Возможно, когда-нибудь, в одном из следующих воплощений, ты реализуешься как тот рыцарь без страха и упрёка, проблески которого мне продемонстрировали, но явно не в этой жизни. Ведь если верить древним и новым философиям, каждая душа проходит путь от скота до бога. Выходит, мы просто на разных ступенях, и к Богу поближе я, с обычным золотым кулоном на шее, а не ты, носящий освящённый крест. Что, если я была твоим шансом перепрыгнуть через несколько ступенек эволюции?

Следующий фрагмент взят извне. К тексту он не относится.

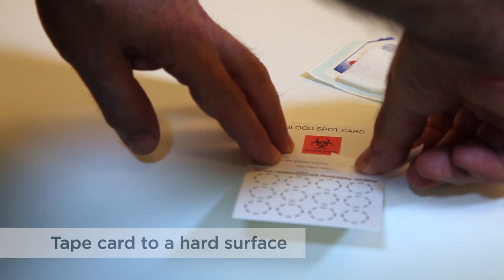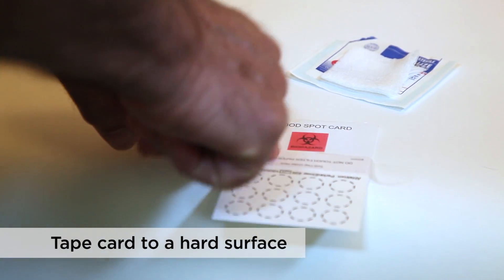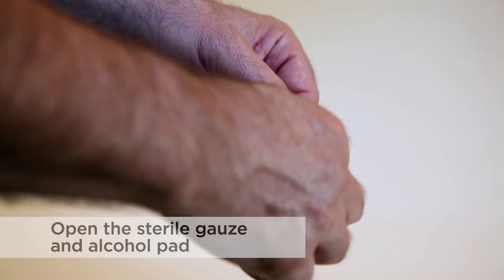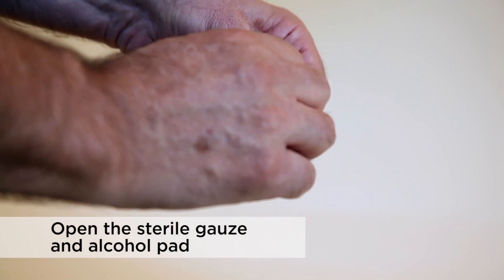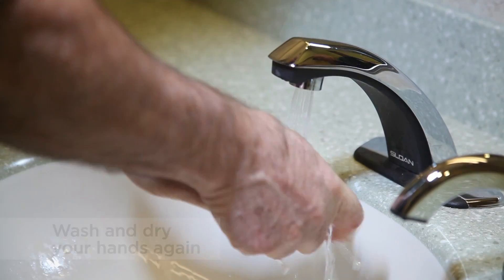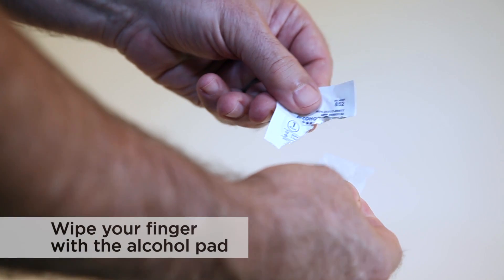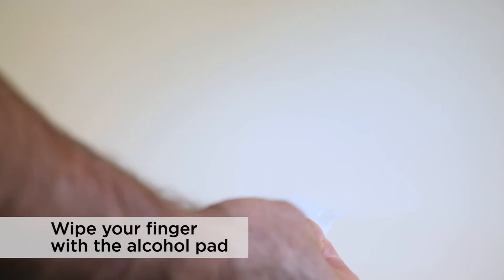Tape it to the surface, such as a table or sink basin, with the inner collection filter paper facing out. Open the sterile gauze and alcohol pad for blood collection, such that they are ready for use. Wash and dry your hands again, and then use the alcohol pad to wipe the fingertip to be used for collecting blood.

В какой-то момент мне показалось, что в другую эпоху ты мог бы быть – нет, не рыцарем, и не благородным идальго, а чем-то попроще: пажом или оруженосцем, который обычно сопровождает главного героя, но сам им не является. Но они, как правило, добрые – раз, и хитрые, но уважающие ум – два. Не подходит. Может, благородным разбойником, пиратом, гусаром или казаком? Тоже нет. Ключевое слово – благородный. Жадные, способные предать и сбежать, изгонялись даже из стаи разбойников. Или сжирались ею при первой же возможности. Тоже не для тебя. Но тогда кто же ты? Интриган, аферист, мелкий мошенник, Дон Жуан, Мюнхгаузен, карточный шулер и крупье в своём собственном казино за обшарпанными дерматиновыми дверями.

Я думала, ты отличник и хулиган. Но настоящий. А ты ненастоящий. И тут и там. И там рольцу сыграл, и тут прокавээнил.

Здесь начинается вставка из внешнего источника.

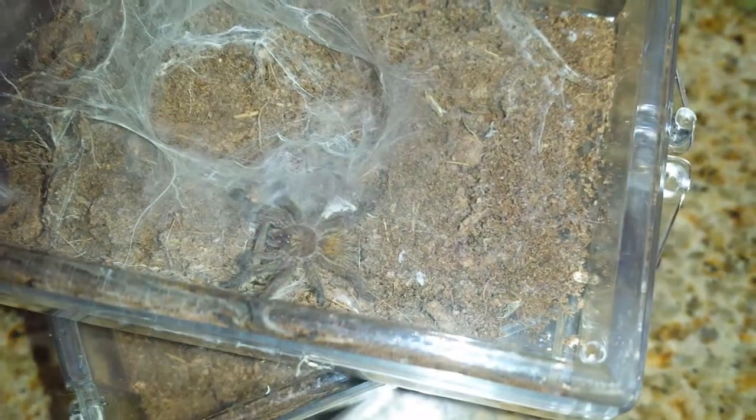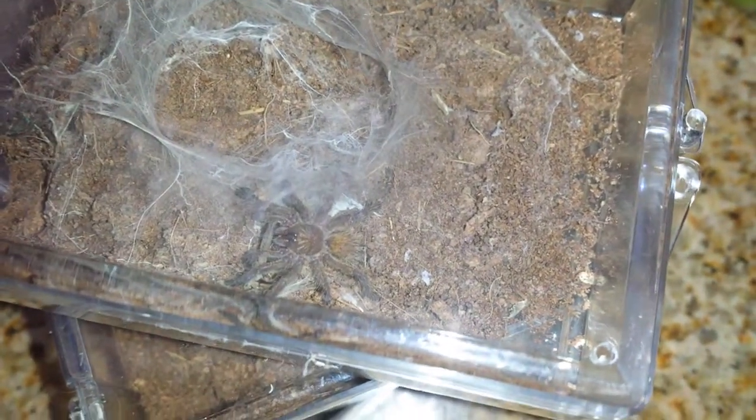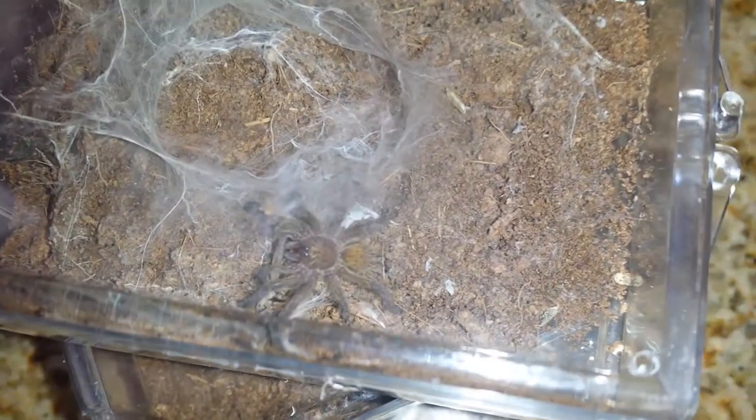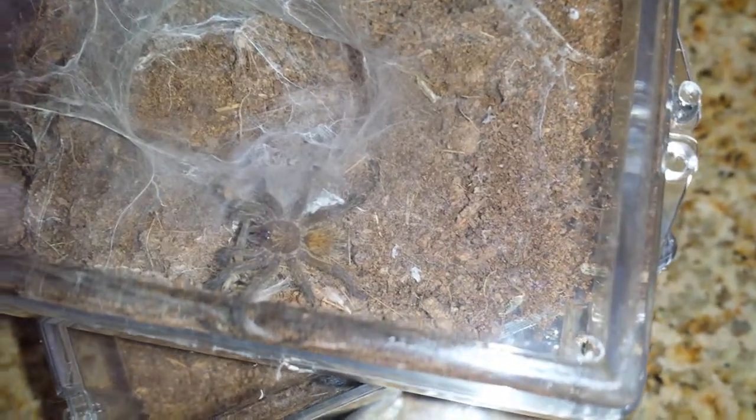Hey, what's going on guys, Tarantula Fan here. Today I'm going to be showing you a quick video on one of my OBTs, also known as orange baboon tarantula. I just threw a cricket in there and it looks like this little guy's munching down.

Однако же ты мастер создавать впечатления! У тебя вообще масса талантов. Актёрский, например. Если бы твою энергию направить не на авантюры и постройку лабиринтов из лжи, в которых ты сам путаешься, ты бы уже давно Оскары срывал, а не собственное благополучное будущее. Да, ты хороший актёр, местами гениальный. Хотя, может, ты и не играл вовсе? Слишком легко и естественно у тебя это получалось. Так маленькие дети, бывает, с удовольствием делают то, что от них ожидают взрослые, и наслаждаются тем, какие они сейчас хорошие. Ты – ребёнок. Старший братик своему сыну.

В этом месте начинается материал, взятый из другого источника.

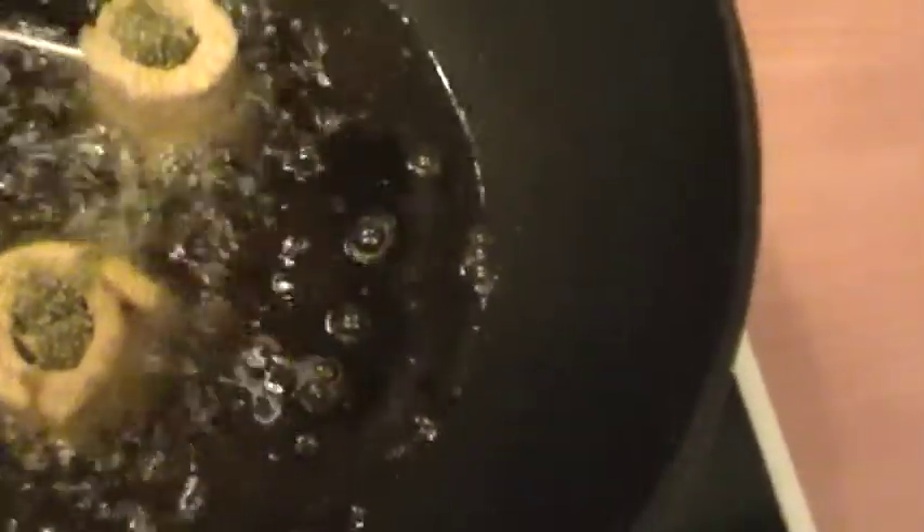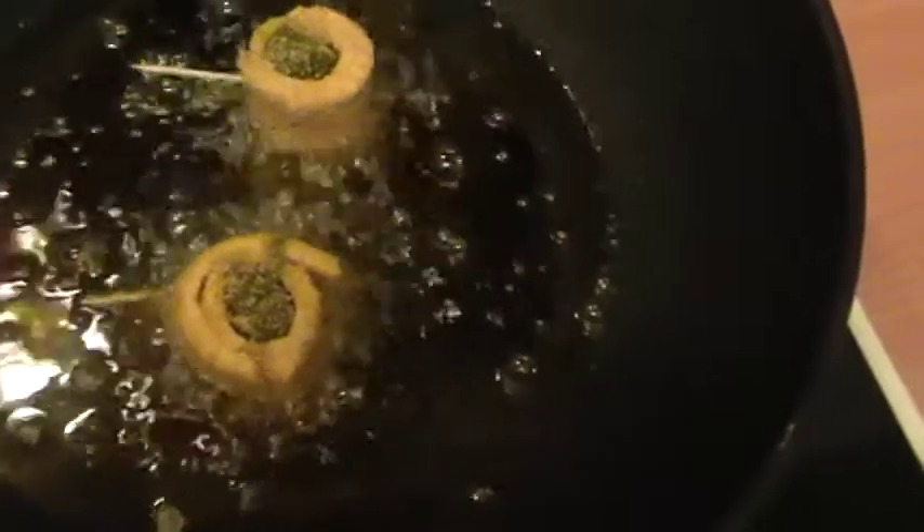Once the plantain is golden brown, just turn them over and roll them — let it cook until really golden brown. Look at that amazing, beautiful golden brown color on our fabulous spicy plantain rolls.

Искатель приключений, авантюрист, проходимец, обманщик, артист, аферист, соблазнитель и прочие титулы тебе не по размеру. Оттого, что ребёнок наденет на утренник костюм Звездочёта, он великим астрономом не станет.

Такое впечатление, что ты вырос, но не весь, а частями: детей делать можешь, а выстраивать корректные отношения с женщинами – нет; язык подвешен хорошо, но за последствия своего трёпа не отвечаешь; пакостить тоже умеешь по-взрослому, а вот убрать за собой – нет, пусть взрослые убираются, ты ещё маленький.

Ты столько всего хорошего для меня в детстве сделал, что, видимо, лимит исчерпал. Теперь нужно было уравновесить плохим, чтобы не противоречить своей природе: ты долго не можешь быть образцовым. Просто есть натуры, склонные к подлости. Ты из таких. Скверно то, что я из-за тебя обидела очень достойного человека.

А ведь тебя не только в день свадьбы мутило. Тебя мутит от всей твоей жизни. Я это отчётливо почувствовала за восемьдесят дней. Тебе всё осточертело: и бывшая с роднёй, и друзья с проблемами, и работа с работничками, и Домовёнок с тараканами, и захолустный городок, и страна… И ты – верю! – хотел всё это поменять. И поменял бы, если бы на моём месте оказалась другая, которая будет тебе парой. И ещё окажется. Ты её обязательно найдёшь. Только не удивляйся потом ветвистым рогам, лапше на ушах и чёрным дырам в избраннице вместо благородных порывов. Се ля ви. Такова твоя жизнь и такова будет пара тебе.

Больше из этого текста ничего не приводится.